*Source material*.
Start of Block
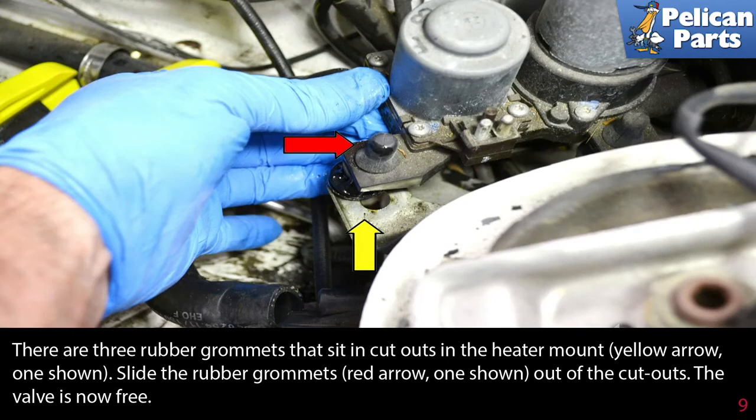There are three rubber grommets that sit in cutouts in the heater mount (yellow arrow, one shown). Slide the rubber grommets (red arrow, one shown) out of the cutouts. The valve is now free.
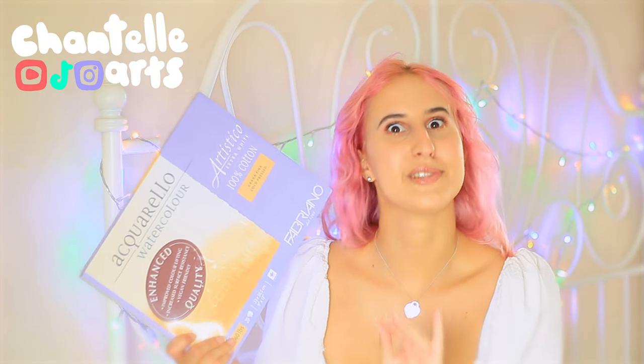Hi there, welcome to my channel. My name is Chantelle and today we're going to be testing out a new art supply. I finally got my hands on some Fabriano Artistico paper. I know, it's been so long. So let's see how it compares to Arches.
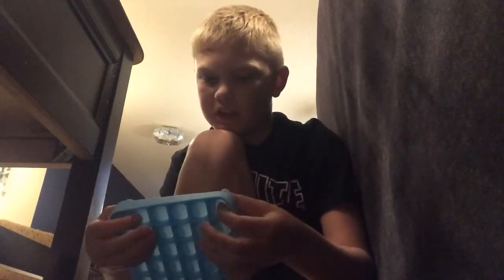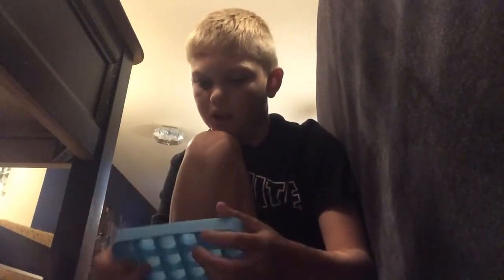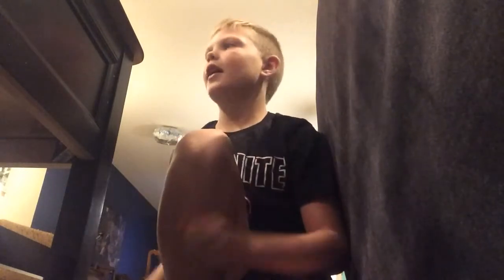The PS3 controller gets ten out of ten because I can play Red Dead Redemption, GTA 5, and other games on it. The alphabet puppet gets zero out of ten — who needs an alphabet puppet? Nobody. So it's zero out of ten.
End of Block
*Activity*. Every line above should be copied exactly; do not carry over the pictures.

*Response to the task*.
There are three rubber grommets that sit in cutouts in the heater mount (yellow arrow, one shown). Slide the rubber grommets (red arrow, one shown) out of the cutouts. The valve is now free.
Hi there, welcome to my channel. My name is Chantelle and today we're going to be testing out a new art supply. I finally got my hands on some Fabriano Artistico paper. I know, it's been so long. So let's see how it compares to Arches.
The PS3 controller gets ten out of ten because I can play Red Dead Redemption, GTA 5, and other games on it. The alphabet puppet gets zero out of ten — who needs an alphabet puppet? Nobody. So it's zero out of ten.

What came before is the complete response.